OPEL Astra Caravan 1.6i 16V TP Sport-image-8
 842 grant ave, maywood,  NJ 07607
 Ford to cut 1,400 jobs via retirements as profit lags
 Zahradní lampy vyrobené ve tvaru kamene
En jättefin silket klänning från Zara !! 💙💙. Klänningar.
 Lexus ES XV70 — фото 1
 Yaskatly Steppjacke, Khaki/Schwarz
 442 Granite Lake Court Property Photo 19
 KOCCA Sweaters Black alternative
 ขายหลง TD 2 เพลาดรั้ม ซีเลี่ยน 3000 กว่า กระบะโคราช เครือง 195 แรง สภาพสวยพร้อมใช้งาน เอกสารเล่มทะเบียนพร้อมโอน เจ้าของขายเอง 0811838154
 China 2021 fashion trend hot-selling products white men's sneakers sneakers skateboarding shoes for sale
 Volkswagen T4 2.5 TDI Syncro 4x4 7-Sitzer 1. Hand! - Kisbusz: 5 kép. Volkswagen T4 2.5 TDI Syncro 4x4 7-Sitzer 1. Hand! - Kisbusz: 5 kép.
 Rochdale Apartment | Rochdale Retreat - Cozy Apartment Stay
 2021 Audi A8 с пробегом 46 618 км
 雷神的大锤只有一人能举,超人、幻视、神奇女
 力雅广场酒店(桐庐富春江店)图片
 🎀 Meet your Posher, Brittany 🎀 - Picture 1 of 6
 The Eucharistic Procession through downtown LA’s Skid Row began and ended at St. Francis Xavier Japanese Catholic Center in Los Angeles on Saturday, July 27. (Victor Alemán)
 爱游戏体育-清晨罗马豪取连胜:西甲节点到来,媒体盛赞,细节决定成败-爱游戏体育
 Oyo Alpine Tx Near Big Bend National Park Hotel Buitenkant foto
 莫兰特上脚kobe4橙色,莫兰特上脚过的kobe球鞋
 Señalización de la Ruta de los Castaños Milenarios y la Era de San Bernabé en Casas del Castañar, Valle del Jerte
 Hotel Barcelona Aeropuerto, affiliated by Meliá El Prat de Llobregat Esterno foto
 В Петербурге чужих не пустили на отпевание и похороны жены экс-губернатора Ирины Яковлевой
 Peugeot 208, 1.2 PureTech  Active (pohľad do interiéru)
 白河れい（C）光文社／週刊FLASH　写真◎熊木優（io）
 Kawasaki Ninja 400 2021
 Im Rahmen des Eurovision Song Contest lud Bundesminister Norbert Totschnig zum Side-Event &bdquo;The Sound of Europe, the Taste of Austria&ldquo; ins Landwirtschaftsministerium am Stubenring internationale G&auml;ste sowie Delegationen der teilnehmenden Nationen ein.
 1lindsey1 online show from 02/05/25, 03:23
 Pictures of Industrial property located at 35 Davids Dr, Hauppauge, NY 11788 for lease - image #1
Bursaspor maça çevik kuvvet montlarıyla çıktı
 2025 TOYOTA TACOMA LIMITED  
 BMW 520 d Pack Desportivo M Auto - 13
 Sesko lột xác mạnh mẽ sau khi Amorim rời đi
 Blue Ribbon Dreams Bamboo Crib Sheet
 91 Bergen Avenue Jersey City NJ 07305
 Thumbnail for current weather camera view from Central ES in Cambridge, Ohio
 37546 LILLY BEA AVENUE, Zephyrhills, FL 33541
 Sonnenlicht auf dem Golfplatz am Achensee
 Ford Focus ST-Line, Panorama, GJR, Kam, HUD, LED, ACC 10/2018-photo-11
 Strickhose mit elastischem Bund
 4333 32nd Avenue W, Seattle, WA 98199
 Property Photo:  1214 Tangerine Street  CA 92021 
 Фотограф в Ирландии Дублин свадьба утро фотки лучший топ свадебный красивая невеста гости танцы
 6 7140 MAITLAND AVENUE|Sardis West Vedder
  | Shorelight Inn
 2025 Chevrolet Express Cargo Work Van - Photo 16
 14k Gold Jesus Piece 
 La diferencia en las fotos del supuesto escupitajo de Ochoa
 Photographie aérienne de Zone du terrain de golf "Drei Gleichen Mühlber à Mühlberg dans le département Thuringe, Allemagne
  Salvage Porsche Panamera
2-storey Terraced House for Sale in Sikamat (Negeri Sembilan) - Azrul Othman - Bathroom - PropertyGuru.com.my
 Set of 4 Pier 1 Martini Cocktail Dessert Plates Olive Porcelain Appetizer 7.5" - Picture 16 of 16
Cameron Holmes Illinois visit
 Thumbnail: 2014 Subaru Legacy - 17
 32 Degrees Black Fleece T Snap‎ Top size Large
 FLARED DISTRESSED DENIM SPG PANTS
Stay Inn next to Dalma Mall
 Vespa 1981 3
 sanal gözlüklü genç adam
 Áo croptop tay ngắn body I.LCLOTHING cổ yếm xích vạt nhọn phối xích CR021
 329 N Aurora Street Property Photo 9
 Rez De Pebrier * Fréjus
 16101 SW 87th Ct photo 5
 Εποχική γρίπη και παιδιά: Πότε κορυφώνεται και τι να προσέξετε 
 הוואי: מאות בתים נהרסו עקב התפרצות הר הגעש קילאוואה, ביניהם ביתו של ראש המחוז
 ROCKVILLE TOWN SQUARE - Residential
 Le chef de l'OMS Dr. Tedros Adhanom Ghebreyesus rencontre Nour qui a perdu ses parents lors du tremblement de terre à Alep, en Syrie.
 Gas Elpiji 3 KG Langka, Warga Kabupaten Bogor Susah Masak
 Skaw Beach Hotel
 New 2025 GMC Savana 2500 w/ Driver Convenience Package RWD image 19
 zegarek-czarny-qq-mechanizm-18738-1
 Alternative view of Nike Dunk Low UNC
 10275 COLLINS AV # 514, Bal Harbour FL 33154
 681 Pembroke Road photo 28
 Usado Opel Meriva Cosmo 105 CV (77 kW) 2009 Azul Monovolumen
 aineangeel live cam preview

*****

## Goal of the exercise
Reproduce exactly the lines above from the line with "2021 Audi A8 с пробегом 46 618 км" to the line with "La diferencia en", including both, and add nothing.

## Solution to this exercise
 2021 Audi A8 с пробегом 46 618 км
 雷神的大锤只有一人能举,超人、幻视、神奇女
 力雅广场酒店(桐庐富春江店)图片
 🎀 Meet your Posher, Brittany 🎀 - Picture 1 of 6
 The Eucharistic Procession through downtown LA’s Skid Row began and ended at St. Francis Xavier Japanese Catholic Center in Los Angeles on Saturday, July 27. (Victor Alemán)
 爱游戏体育-清晨罗马豪取连胜:西甲节点到来,媒体盛赞,细节决定成败-爱游戏体育
 Oyo Alpine Tx Near Big Bend National Park Hotel Buitenkant foto
 莫兰特上脚kobe4橙色,莫兰特上脚过的kobe球鞋
 Señalización de la Ruta de los Castaños Milenarios y la Era de San Bernabé en Casas del Castañar, Valle del Jerte
 Hotel Barcelona Aeropuerto, affiliated by Meliá El Prat de Llobregat Esterno foto
 В Петербурге чужих не пустили на отпевание и похороны жены экс-губернатора Ирины Яковлевой
 Peugeot 208, 1.2 PureTech  Active (pohľad do interiéru)
 白河れい（C）光文社／週刊FLASH　写真◎熊木優（io）
 Kawasaki Ninja 400 2021
 Im Rahmen des Eurovision Song Contest lud Bundesminister Norbert Totschnig zum Side-Event &bdquo;The Sound of Europe, the Taste of Austria&ldquo; ins Landwirtschaftsministerium am Stubenring internationale G&auml;ste sowie Delegationen der teilnehmenden Nationen ein.
 1lindsey1 online show from 02/05/25, 03:23
 Pictures of Industrial property located at 35 Davids Dr, Hauppauge, NY 11788 for lease - image #1
Bursaspor maça çevik kuvvet montlarıyla çıktı
 2025 TOYOTA TACOMA LIMITED  
 BMW 520 d Pack Desportivo M Auto - 13
 Sesko lột xác mạnh mẽ sau khi Amorim rời đi
 Blue Ribbon Dreams Bamboo Crib Sheet
 91 Bergen Avenue Jersey City NJ 07305
 Thumbnail for current weather camera view from Central ES in Cambridge, Ohio
 37546 LILLY BEA AVENUE, Zephyrhills, FL 33541
 Sonnenlicht auf dem Golfplatz am Achensee
 Ford Focus ST-Line, Panorama, GJR, Kam, HUD, LED, ACC 10/2018-photo-11
 Strickhose mit elastischem Bund
 4333 32nd Avenue W, Seattle, WA 98199
 Property Photo:  1214 Tangerine Street  CA 92021 
 Фотограф в Ирландии Дублин свадьба утро фотки лучший топ свадебный красивая невеста гости танцы
 6 7140 MAITLAND AVENUE|Sardis West Vedder
  | Shorelight Inn
 2025 Chevrolet Express Cargo Work Van - Photo 16
 14k Gold Jesus Piece 
 La diferencia en las fotos del supuesto escupitajo de Ochoa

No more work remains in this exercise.